Using Detached Objects

  • In a three tiered architecture, consider using detached objects.
  • When using a servlet / session bean architecture, you could pass persistent objects loaded in the session

bean to and from the servlet / JSP layer.

  • Use a new session to service each request.
  • Use Session.merge() or Session.saveOrUpdate() to synchronize objects with the database.

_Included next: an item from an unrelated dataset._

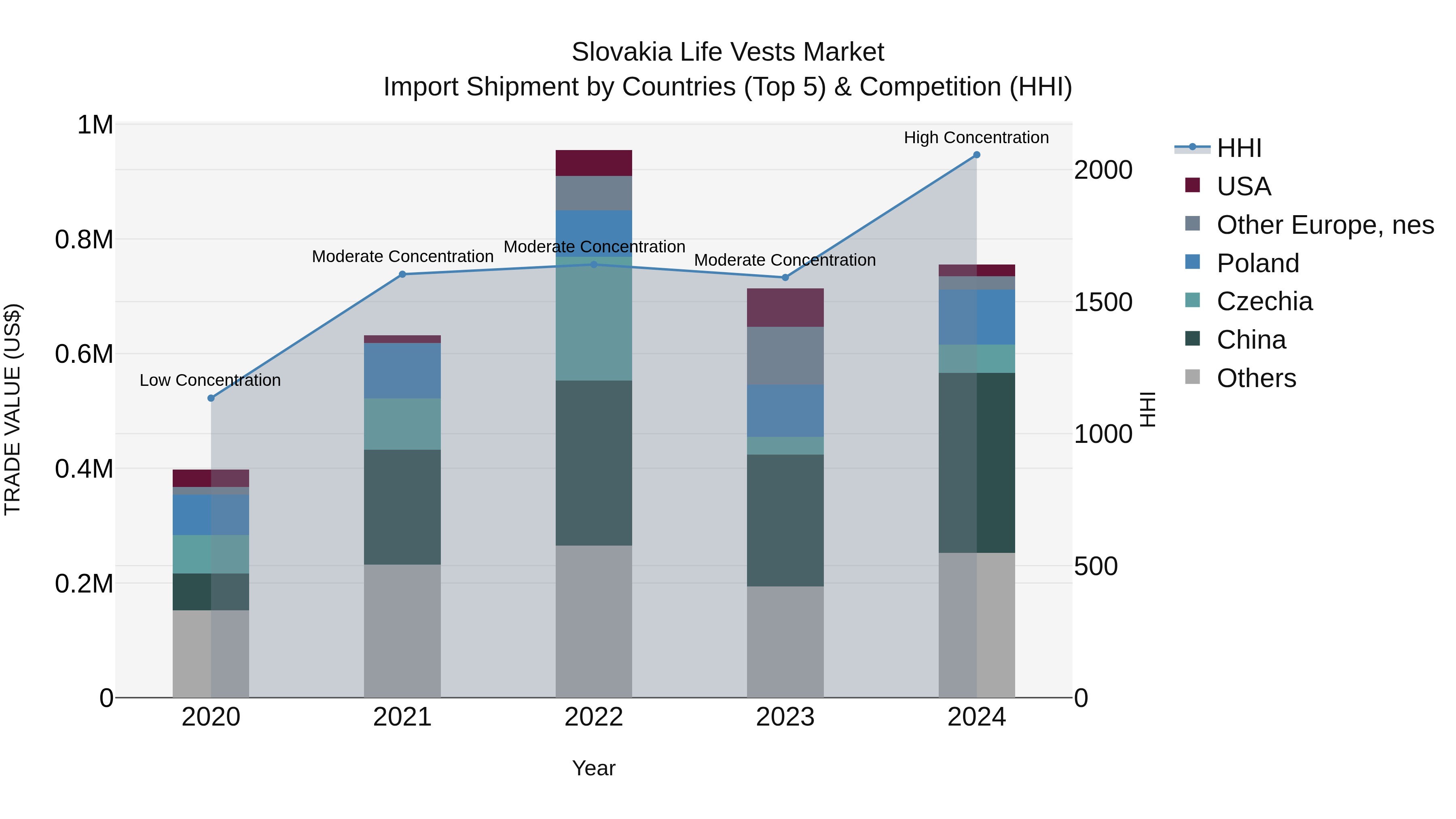 Slovakia Life Vests Market Top 5 Importing Countries and Market Competition (HHI) Analysis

Usually update() or saveOrUpdate() are used in the following scenario:

  • the application loads an object in the first session
  • the object is passed up to the UI tier
  • some modifications are made to the object
  • the object is passed back down to the business logic tier
  • the application persists these modifications by calling update() in a second session
// in the first session
Cat cat = (Cat) firstSession.load(Cat.class, catID);
// in a higher tier of the application
Cat mate = new Cat();
cat.setMate(mate);
// later, in a new session
secondSession.saveOrUpdate(cat); // update existing state (cat has a non-null id)
secondSession.saveOrUpdate(mate); // save the new instance (mate has a null id)

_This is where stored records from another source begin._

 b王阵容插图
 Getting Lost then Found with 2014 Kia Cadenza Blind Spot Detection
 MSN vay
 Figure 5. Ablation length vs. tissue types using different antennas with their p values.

Consider externalising query strings

This is a good practice if your queries call non-ANSI-standard SQL functions. Externalising the query strings to mapping files will make the application more portable. It also decreases the likelihood of injection because the Query objects let you set individual parameters but not the entire query string - you can only do that when you pass the string into the Query implementation constructor or call Session.createQuery.

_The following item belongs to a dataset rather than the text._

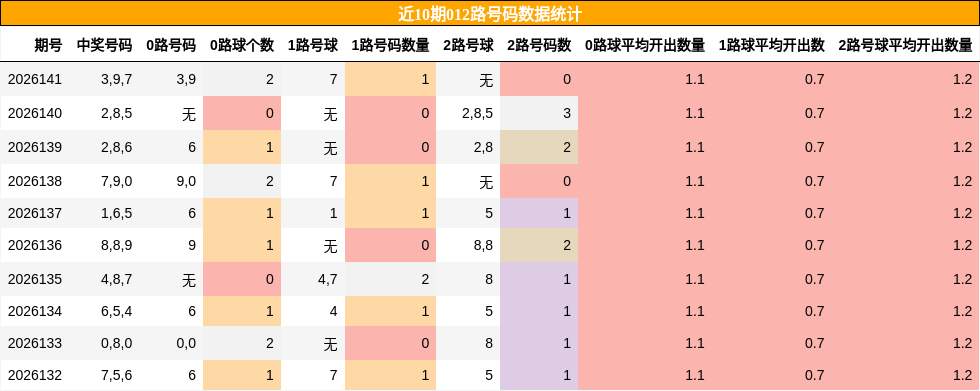 012路号码分析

Edge cases are still possibilities!

  • Basically the application would have to be messy enough to be binding parameters here, and concatenating variables there to the same query string.
  • You can extract the query string using Query.getQueryString(), and although you can't manipulate the string and 'add' it back to the Query object, you could theoretically taint it and use it in another instance of Query. Dumb? yes. Possible? Yes.

So how to externalize?

You may define named queries in the mapping document.

  <query name="ByNameAndMaximumWeight"><![CDATA[
     from eg.DomesticCat as cat
     where cat.name = ?
     and cat.weight > ?
     ] ]></query>

Parameter binding and executing is done programatically:

     Query q = sess.getNamedQuery("ByNameAndMaximumWeight");
     q.setString(0, name);
     q.setInt(1, minWeight);
     List cats = q.list();
  • Note that the actual program code is independent of the query language that is used, you may also define native

SQL queries in metadata, or migrate existing queries to Hibernate by placing them in mapping files.

  • Also note that a query declaration inside a <hibernate-mapping> element requires a global unique name for the

query, while a query declaration inside a <class> element is made unique automatically by prepending the fully qualified name of the class, for example eg.Cat.ByNameAndMaximumWeight.